* [Source material]:
========================
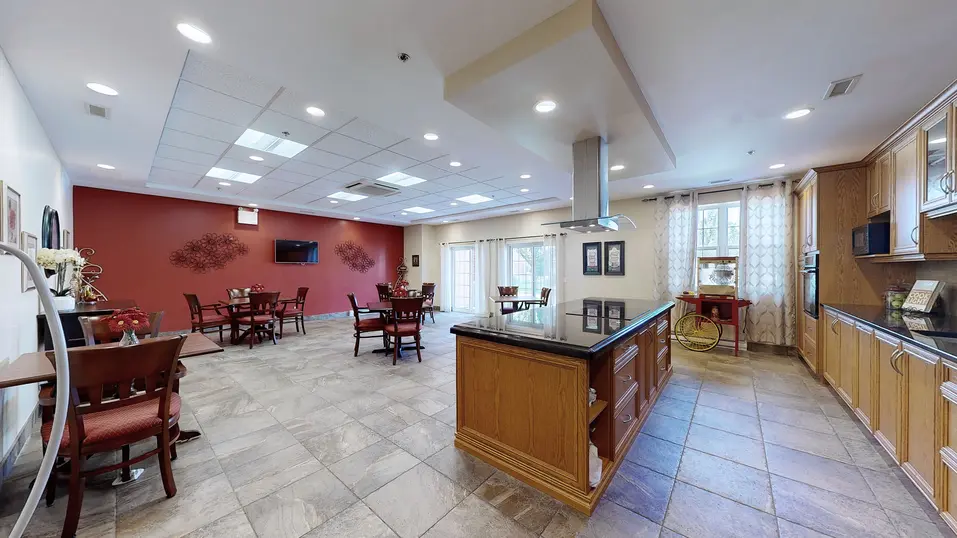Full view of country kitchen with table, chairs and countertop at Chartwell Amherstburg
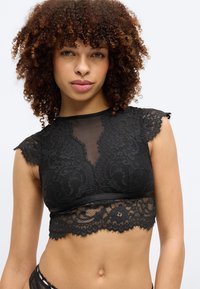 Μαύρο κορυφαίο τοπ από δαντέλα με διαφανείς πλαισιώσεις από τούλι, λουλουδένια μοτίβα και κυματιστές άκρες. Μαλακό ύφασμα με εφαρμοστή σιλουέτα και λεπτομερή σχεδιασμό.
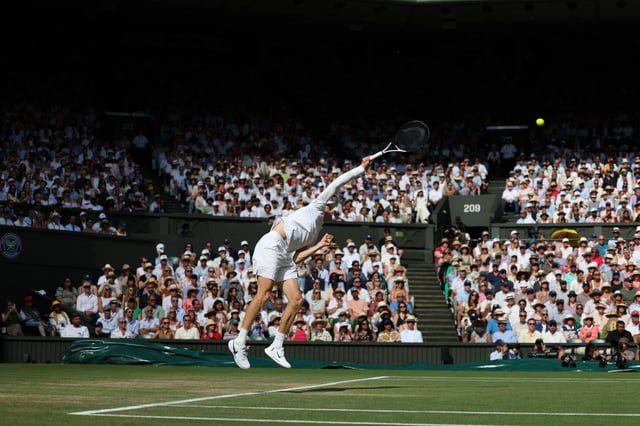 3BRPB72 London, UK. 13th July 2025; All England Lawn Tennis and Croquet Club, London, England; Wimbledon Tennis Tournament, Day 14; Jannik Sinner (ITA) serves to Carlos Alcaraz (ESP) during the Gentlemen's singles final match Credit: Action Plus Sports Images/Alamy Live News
========================
* [Your assignment]:
Reproduce the material above exactly, first line through the line that contains "Μαύρο κορυφαίο τοπ", minus the pictures.

* [Answer to this problem]:
Full view of country kitchen with table, chairs and countertop at Chartwell Amherstburg
 Μαύρο κορυφαίο τοπ από δαντέλα με διαφανείς πλαισιώσεις από τούλι, λουλουδένια μοτίβα και κυματιστές άκρες. Μαλακό ύφασμα με εφαρμοστή σιλουέτα και λεπτομερή σχεδιασμό.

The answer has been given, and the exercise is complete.